父親無可奈何地將我們邀請到太守府。幾年前我就是從這裏出去的。
我和那劉家少爺並列而走。仆人們看見了恭敬地“老爺,姑爺好!”卻完全不把我放在眼裏,我是完全不在意,可是正直的黑貓卻竄了上來,嘰嘰喳喳打抱不平。
“沒事的,本來我就不打算做這太守之子了。”
“怎麼行呢?你爺爺臨死前可是握住我的手硬是要我保護好你來著,說起來也是,你爺爺是個正直的老將軍,可是你父親怎麼如此狼狽?”黑貓白了一眼那劉家少爺。
“誰知道呢。”變化太大了,就現在來看,那劉家少爺似乎收斂不少,但是狗改不了吃屎,他遲早有一天要露出狐狸尾巴,我不能讓姐犯了錯。”黑貓恍然大悟般點點頭,然後跑到後麵跟到秋的身邊。

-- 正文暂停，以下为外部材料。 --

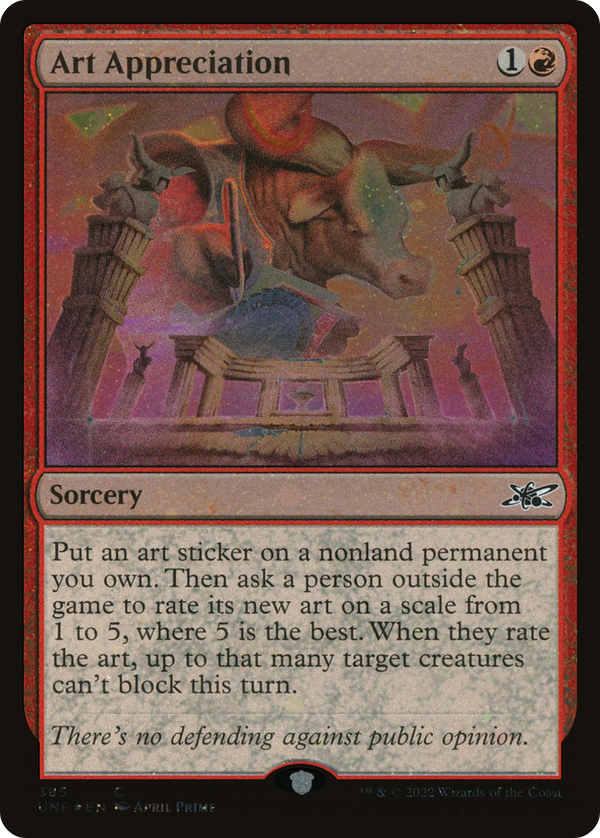 Art Appreciation (Galaxy Foil) (385) [Unfinity] foil - Deck Out Gaming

秋的臉色有些不好看,不好看到了生人勿近的地步。黑貓識相地閉上了嘴巴。
風兒再一次從一家人的中間吹過,母親,父親,姐姐,我,保媽。保媽跟在母親身後,父親坐在高堂之下,而我則和劉家少爺坐在兩側。現在就算是我也真正不敢動手了,這裏是真正的屬於權威的國家的地盤,代表了最高的威嚴,誰要是敢滋事挑釁,那就是與國家與法律過不去。
“你說說你來的目的吧。”父親端起茶來仔細品嚐。他本就不高大身影,蜷成一團,倒顯得有些可笑。
我開門見山,“我是來阻止姐姐成親的。”
“那你考慮過秋兒的感受嗎?”父親繼續品茶,不溫不火地問我。
“她一定不希望嫁給一個裏外不一的人。”我瞪了瞪對麵的劉家少爺,他卻開朗地回我一個笑容。
父親沒有繼續說話,看了看秋並給了她一個眼神。這個舉動被我察覺以後我立馬高聲提醒“實話實說,我尊重你的真實想法。”
空氣在這一刻凝固了,一切的成敗,一切讓我這個行動是不是幼稚而衝動的行為的判斷就在這下一句話裏麵。我們都把目光投向秋,她麵露難色,看了看我,又看了看父親。
“我,不想停下這場婚禮。”
...好吧,果然還是我自己的主觀臆斷,衝動不理智而幼稚的行為,抱歉,我會改的。我這樣對自己道歉,並決定離開。
“可是!”
當我走了沒幾步,黑貓和九尾也站起來跟我離開的時候,秋很大聲地來了個驚天轉折。
“我希望新郎是白。”
“什麼!”
“什麼?”
“荒唐!”
我們在場的人臉色各一。
父親帶著怒氣一摔茶杯搶先說話,“你這是不道德!你這是違反倫理!你這個蠢貨,白瞎我養你了!跟我唱反調?”
“抱歉,父親,我喜歡白。為什麼姐弟就不可以相愛了呢?姐姐是人類弟弟也是人類,姐姐是女孩,弟弟是男孩,哪有何嚐不可?我相信隻要有愛就可以克服一切,隻要我們不觸犯法律,那什麼事情不可以做呢?不可以通婚,那就不要法律認證的婚姻,不可以生孩子,那咱就領養一個,不可以被人看到,那我們就逃到其他沒有人認識我們的地方。總而言之,我不想要再離開弟弟哪怕一分鍾!”